Task directions
Give back every entry exactly as it is written, but not the pictures.

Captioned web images
────────────────

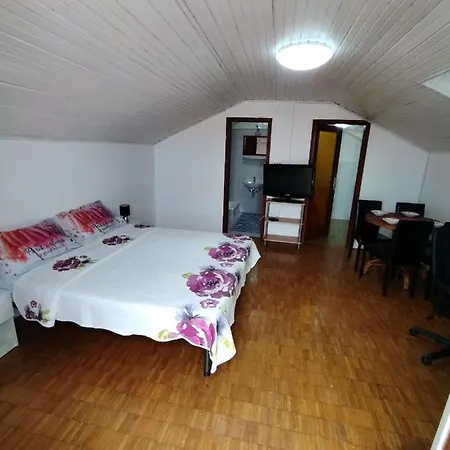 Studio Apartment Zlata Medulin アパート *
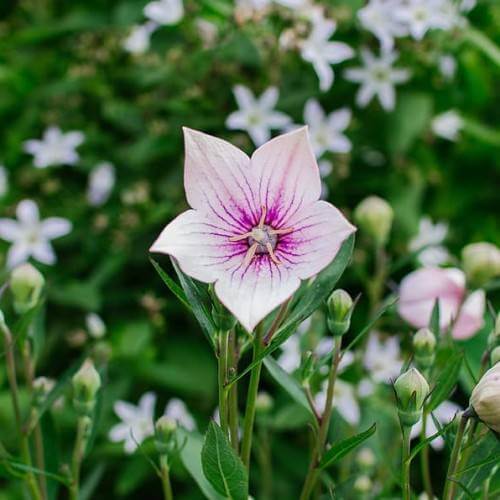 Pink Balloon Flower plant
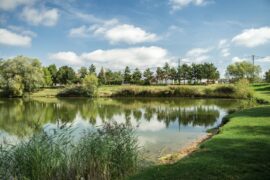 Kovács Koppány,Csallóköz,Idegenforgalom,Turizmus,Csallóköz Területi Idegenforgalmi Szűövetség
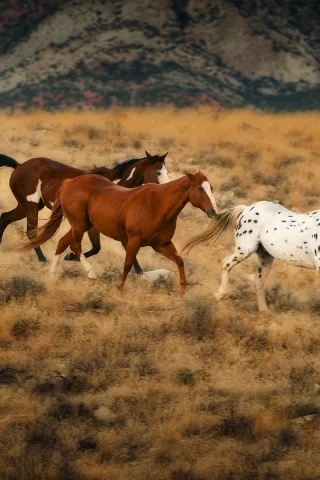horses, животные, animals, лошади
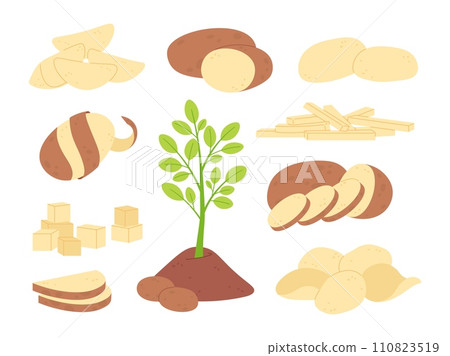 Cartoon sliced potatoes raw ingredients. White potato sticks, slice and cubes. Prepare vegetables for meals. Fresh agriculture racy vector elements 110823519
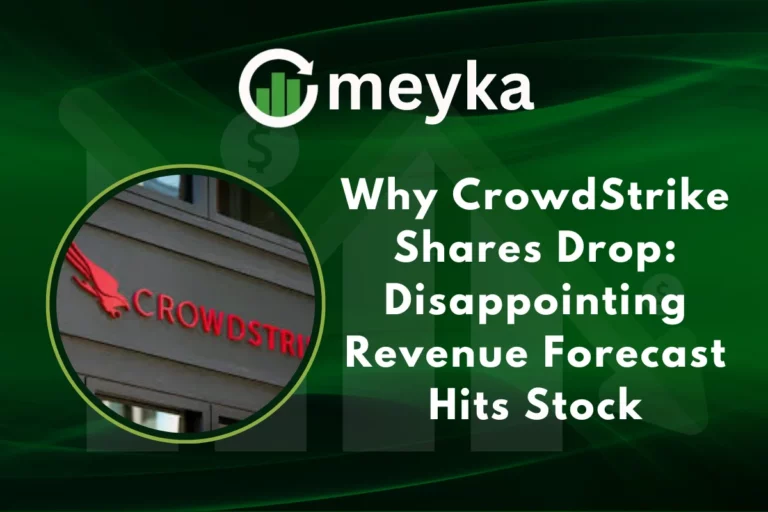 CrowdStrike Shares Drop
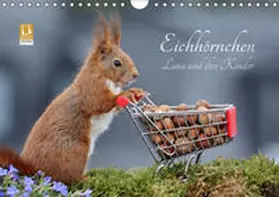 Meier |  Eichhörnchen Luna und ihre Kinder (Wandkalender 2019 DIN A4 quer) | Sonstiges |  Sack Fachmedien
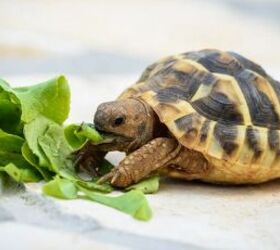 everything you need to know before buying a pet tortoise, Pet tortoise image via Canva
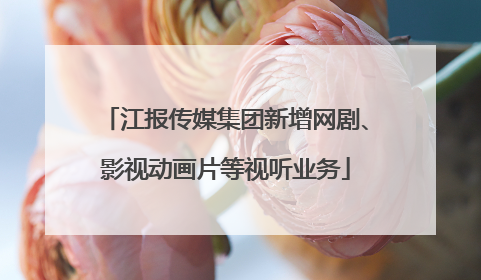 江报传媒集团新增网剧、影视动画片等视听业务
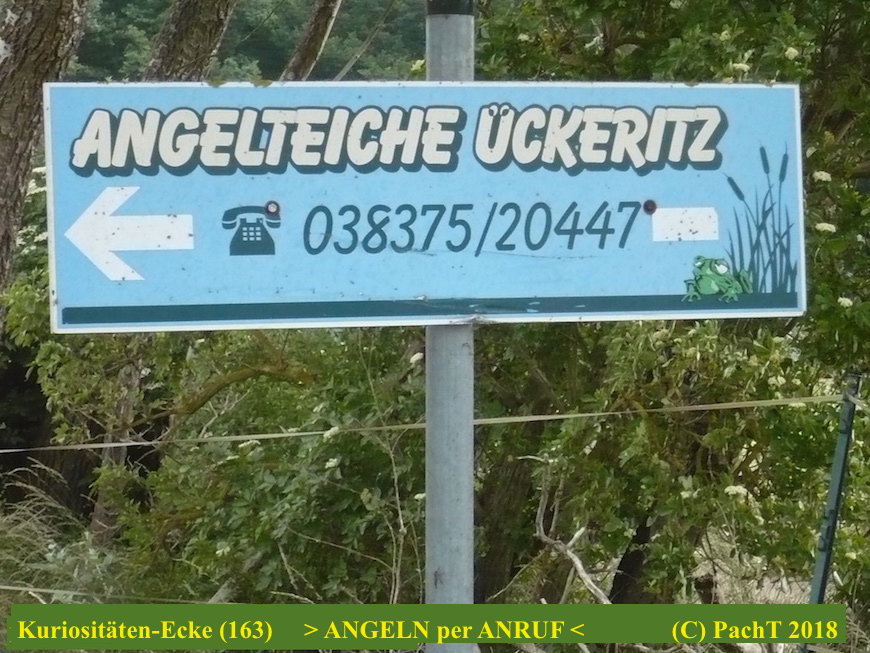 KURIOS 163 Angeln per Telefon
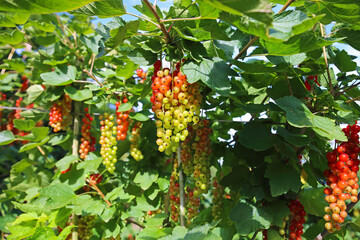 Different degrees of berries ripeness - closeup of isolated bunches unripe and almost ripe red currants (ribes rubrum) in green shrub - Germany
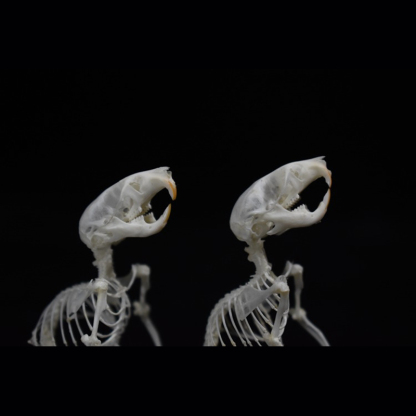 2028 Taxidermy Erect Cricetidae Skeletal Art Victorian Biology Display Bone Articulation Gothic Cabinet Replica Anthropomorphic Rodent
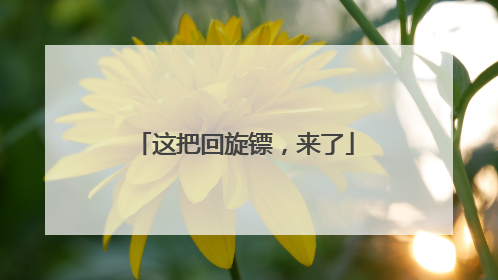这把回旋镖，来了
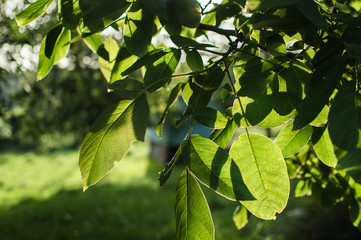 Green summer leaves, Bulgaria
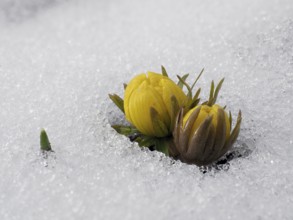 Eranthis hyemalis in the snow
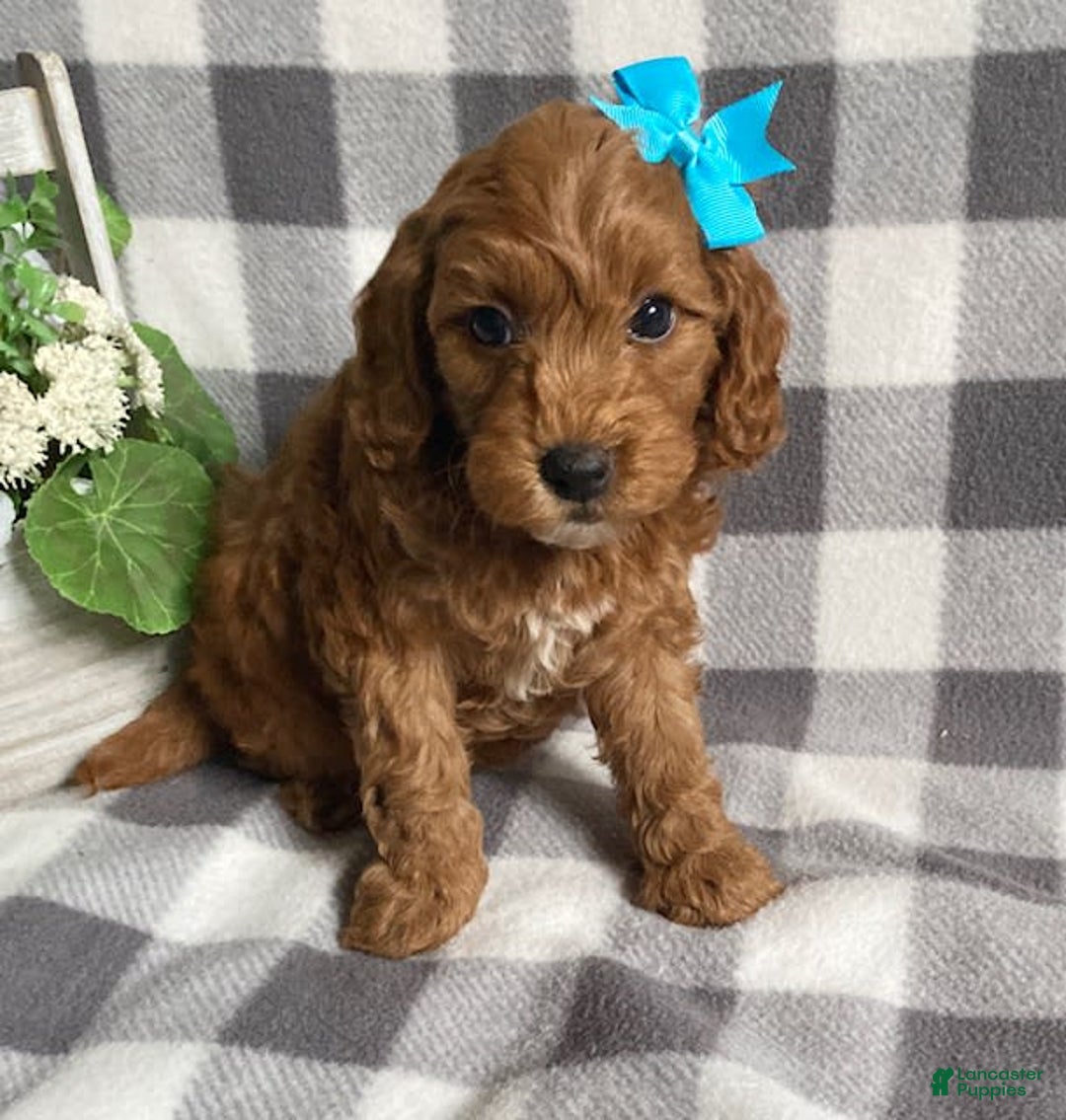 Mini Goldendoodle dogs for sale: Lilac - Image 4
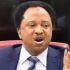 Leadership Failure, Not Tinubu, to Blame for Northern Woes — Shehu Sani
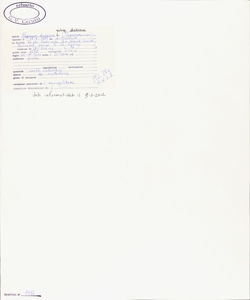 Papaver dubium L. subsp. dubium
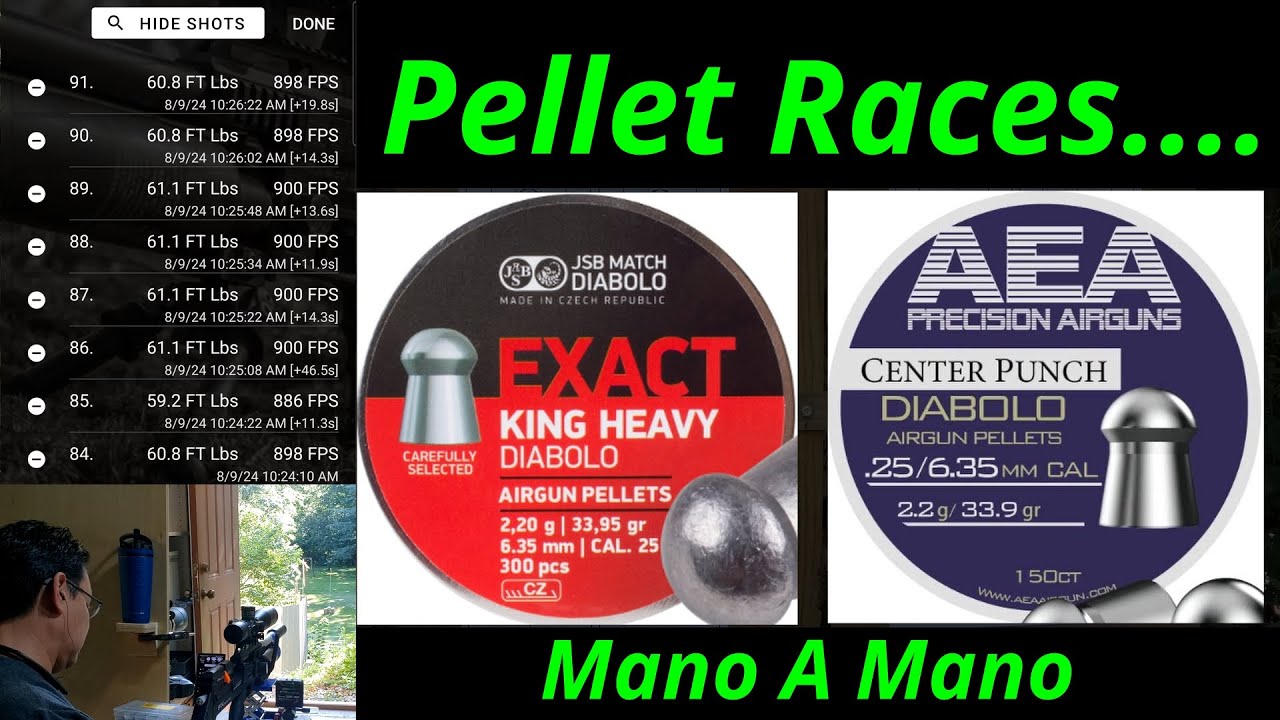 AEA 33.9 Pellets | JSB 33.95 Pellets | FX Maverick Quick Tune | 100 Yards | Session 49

────────────────

Response below
 Studio Apartment Zlata Medulin アパート *
 Pink Balloon Flower plant
 Kovács Koppány,Csallóköz,Idegenforgalom,Turizmus,Csallóköz Területi Idegenforgalmi Szűövetség
horses, животные, animals, лошади
 Cartoon sliced potatoes raw ingredients. White potato sticks, slice and cubes. Prepare vegetables for meals. Fresh agriculture racy vector elements 110823519
 CrowdStrike Shares Drop
 Meier |  Eichhörnchen Luna und ihre Kinder (Wandkalender 2019 DIN A4 quer) | Sonstiges |  Sack Fachmedien
 everything you need to know before buying a pet tortoise, Pet tortoise image via Canva
 江报传媒集团新增网剧、影视动画片等视听业务
 KURIOS 163 Angeln per Telefon
 Different degrees of berries ripeness - closeup of isolated bunches unripe and almost ripe red currants (ribes rubrum) in green shrub - Germany
 2028 Taxidermy Erect Cricetidae Skeletal Art Victorian Biology Display Bone Articulation Gothic Cabinet Replica Anthropomorphic Rodent
这把回旋镖，来了
 Green summer leaves, Bulgaria
 Eranthis hyemalis in the snow
 Mini Goldendoodle dogs for sale: Lilac - Image 4
 Leadership Failure, Not Tinubu, to Blame for Northern Woes — Shehu Sani
 Papaver dubium L. subsp. dubium
 AEA 33.9 Pellets | JSB 33.95 Pellets | FX Maverick Quick Tune | 100 Yards | Session 49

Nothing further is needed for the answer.